Le second objectif résidait dans le maintien de bonnes relations entre les communautés. Hasni Abidi constate malheureusement un échec sur ce plan avec le retrait des militaires français, des colons, des harkis (supplétifs de l’armée française) et des pieds-noirs d’Algérie. «Travaillons sur le premier aspect et consolidons les relations positives, la question de la mémoire suivra avec la volonté politique des autorités françaises, sans pour autant la lier à l’Algérie», explique-t-il. «La réciprocité n’est pas exigée pour travailler sur la question du passé colonial, car c’est d’abord une question française.»
La question mémorielle
Au sujet de la question mémorielle et de son impact sur l’instauration de relations diplomatiques apaisées, Hasni Abidi considère qu’elle ne représente pas un handicap. «Conditionner l’avancement des relations entre les deux pays au règlement de la question mémorielle est pour moi une illusion, car, dès le départ, on constate deux perceptions différentes. Si, du côté français, on essaie de promouvoir la question de la paix mémorielleapaisée, du côté algérien, on n’est pas dans cette configuration. Pour les Algériens, il s’agit surtout de reconnaissance des faits historiques et d’une demande de vérité; cette exigence historique est également valable pour les victimes. On ne peut pas avoir une sorte de mémoirecommune, car la mémoire du vainqueur n’est pas la mémoire du vaincu; la mémoire de celui qui a été brutalisé par la colonisation ne peut être la mémoire de celui qui l’a brutalisée», poursuit-il.

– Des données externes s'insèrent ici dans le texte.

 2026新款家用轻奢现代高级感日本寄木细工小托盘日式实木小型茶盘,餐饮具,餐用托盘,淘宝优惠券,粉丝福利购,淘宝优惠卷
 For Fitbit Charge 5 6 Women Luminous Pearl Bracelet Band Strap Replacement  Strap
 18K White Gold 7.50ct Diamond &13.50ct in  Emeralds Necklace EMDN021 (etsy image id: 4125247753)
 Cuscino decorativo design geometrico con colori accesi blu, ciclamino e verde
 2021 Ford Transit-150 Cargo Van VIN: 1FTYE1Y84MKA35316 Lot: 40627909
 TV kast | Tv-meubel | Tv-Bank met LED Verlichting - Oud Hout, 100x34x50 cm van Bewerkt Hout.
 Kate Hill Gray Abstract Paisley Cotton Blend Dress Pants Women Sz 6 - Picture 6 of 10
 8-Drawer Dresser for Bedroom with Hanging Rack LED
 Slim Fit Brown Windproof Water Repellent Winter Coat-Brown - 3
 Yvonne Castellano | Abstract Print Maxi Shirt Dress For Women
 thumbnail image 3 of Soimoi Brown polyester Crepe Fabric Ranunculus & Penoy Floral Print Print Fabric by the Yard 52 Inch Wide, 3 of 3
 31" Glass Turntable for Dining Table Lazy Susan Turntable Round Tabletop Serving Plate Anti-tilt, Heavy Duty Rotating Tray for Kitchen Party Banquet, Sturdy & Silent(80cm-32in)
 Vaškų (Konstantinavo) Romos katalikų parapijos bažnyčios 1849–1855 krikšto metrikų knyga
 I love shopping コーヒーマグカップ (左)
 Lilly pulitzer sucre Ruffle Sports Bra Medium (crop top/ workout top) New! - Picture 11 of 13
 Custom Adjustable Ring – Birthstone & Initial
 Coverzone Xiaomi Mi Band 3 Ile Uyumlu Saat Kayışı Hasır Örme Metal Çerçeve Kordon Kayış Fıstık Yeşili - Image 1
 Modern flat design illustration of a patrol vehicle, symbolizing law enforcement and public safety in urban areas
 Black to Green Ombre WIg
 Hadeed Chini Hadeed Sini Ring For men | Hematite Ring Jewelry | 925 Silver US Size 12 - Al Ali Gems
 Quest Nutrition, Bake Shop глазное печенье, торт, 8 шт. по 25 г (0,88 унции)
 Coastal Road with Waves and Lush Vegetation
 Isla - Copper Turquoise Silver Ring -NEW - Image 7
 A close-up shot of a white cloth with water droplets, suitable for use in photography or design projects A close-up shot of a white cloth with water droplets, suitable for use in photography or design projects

«C’est une autre violence que de vouloir pacifier ces relations par décision administrative. À ce sujet, je pense qu’il y a eu une erreur dans l’approche du président Macron. Il est allé trop loin dans les gestes officiels en faveur d’une reconnaissance des faits historiques. À mon avis, vouloir apaiser les mémoires comme une condition préalable à l’avancement des relations est une erreur, car on n’arrivera jamais à s’entendre sur la cette question. J’ajoute que rien n’empêche de vivre et de faire cohabiter les mémoires, aussi contradictoires soient-elles.»
Hasni Abidi considère qu’une progression des relations diplomatiques et économiques, l’instauration d’un dialogue politique franc entre les deux États ainsi qu’un dialogue culturel entre ces deux peuples voisins qui se connaissent très bien auraient le mérite de faciliter le regard qu’on porte de part et d’autre sur la question de la mémoire.